§ **Work instruction**
Below is a listing; retype exactly the lines between the one containing "North Cascades National Park Hip Flask" and the one containing "Lady Gaga Telephone", inclusive, minus the pictures.

§ **Record set**

# # # # #

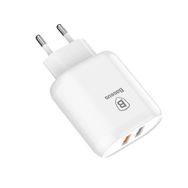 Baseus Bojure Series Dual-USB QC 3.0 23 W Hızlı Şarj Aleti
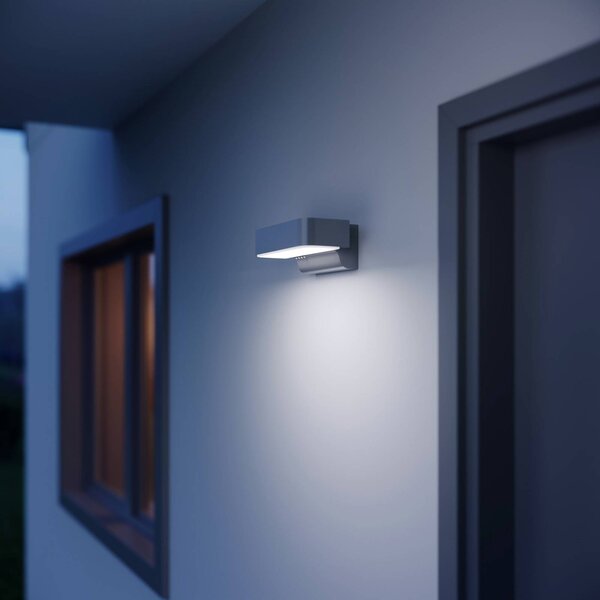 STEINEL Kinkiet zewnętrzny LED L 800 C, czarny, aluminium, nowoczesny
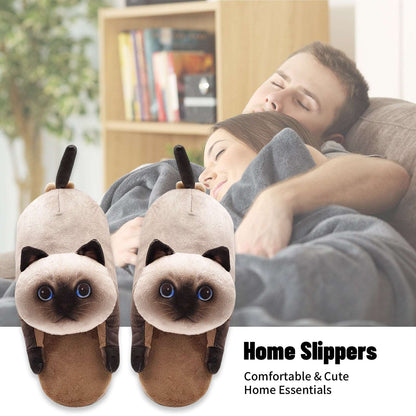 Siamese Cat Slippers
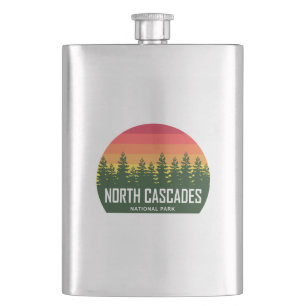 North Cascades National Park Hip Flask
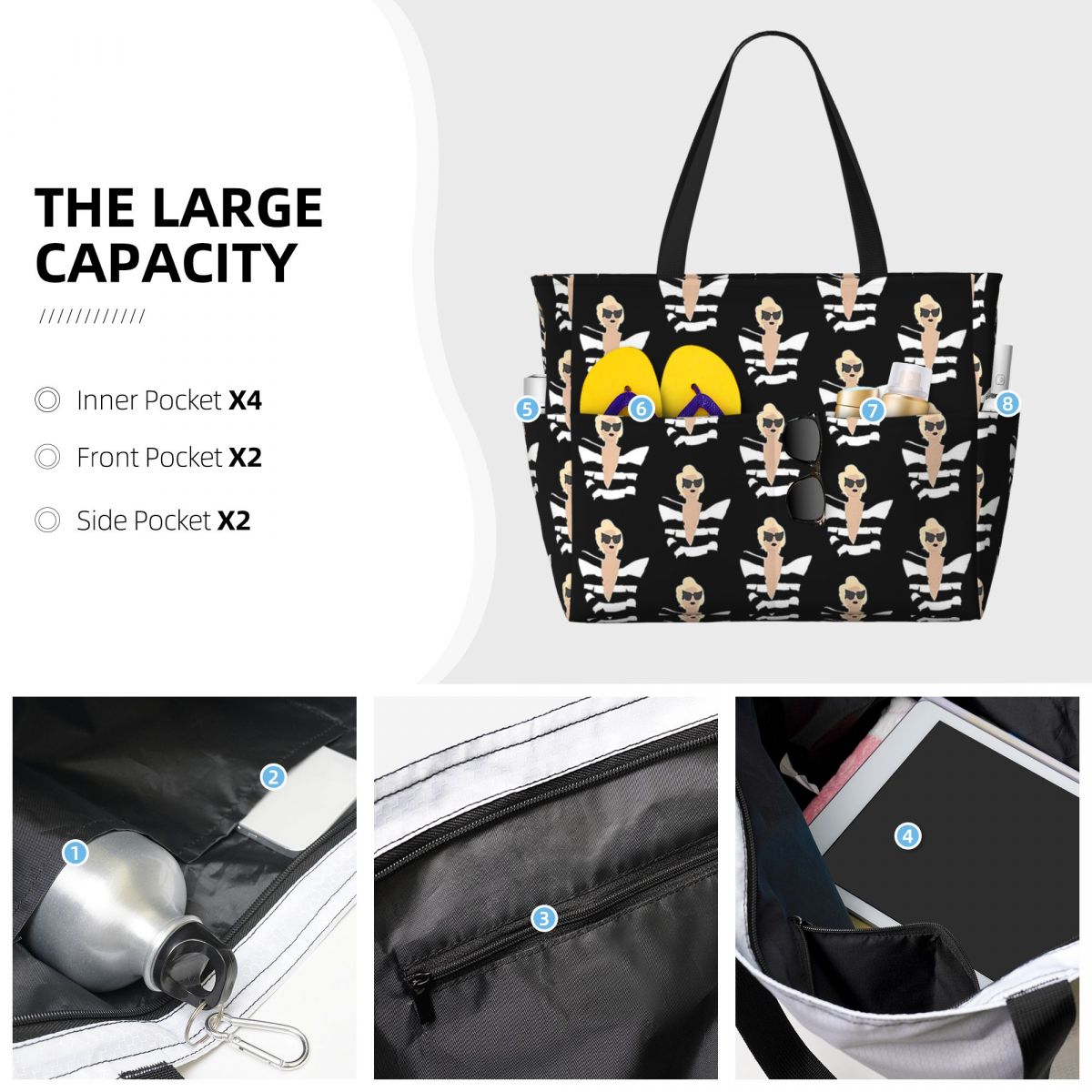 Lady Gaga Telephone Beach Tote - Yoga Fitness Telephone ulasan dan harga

# # # # #

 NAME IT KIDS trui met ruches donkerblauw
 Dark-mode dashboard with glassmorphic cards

# # # # #

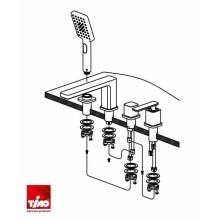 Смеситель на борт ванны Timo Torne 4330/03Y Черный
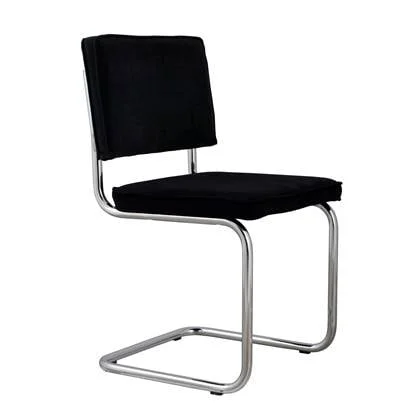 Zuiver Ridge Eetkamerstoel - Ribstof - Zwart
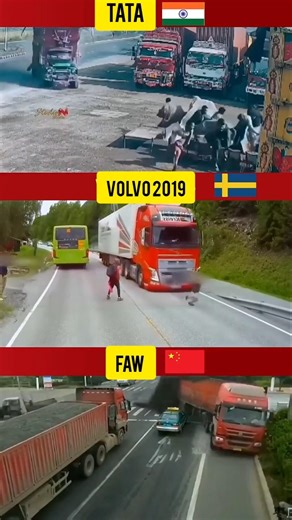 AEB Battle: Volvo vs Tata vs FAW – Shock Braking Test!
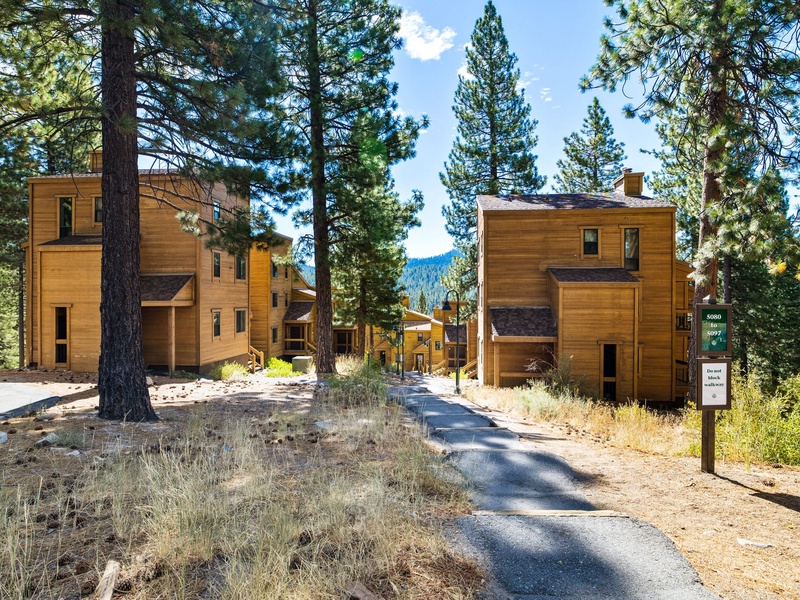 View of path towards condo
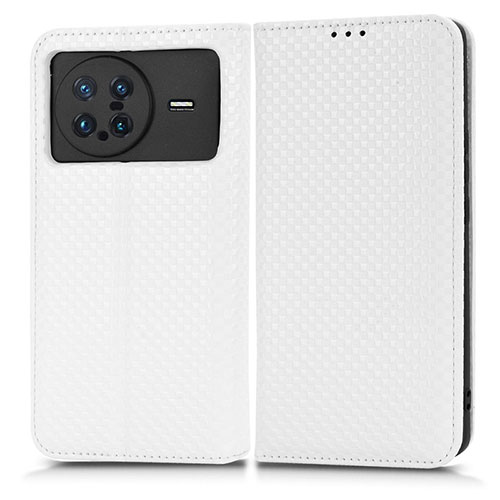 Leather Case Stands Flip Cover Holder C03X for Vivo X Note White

# # # # #

§ **Output of the exercise**
 North Cascades National Park Hip Flask
 Lady Gaga Telephone Beach Tote - Yoga Fitness Telephone ulasan dan harga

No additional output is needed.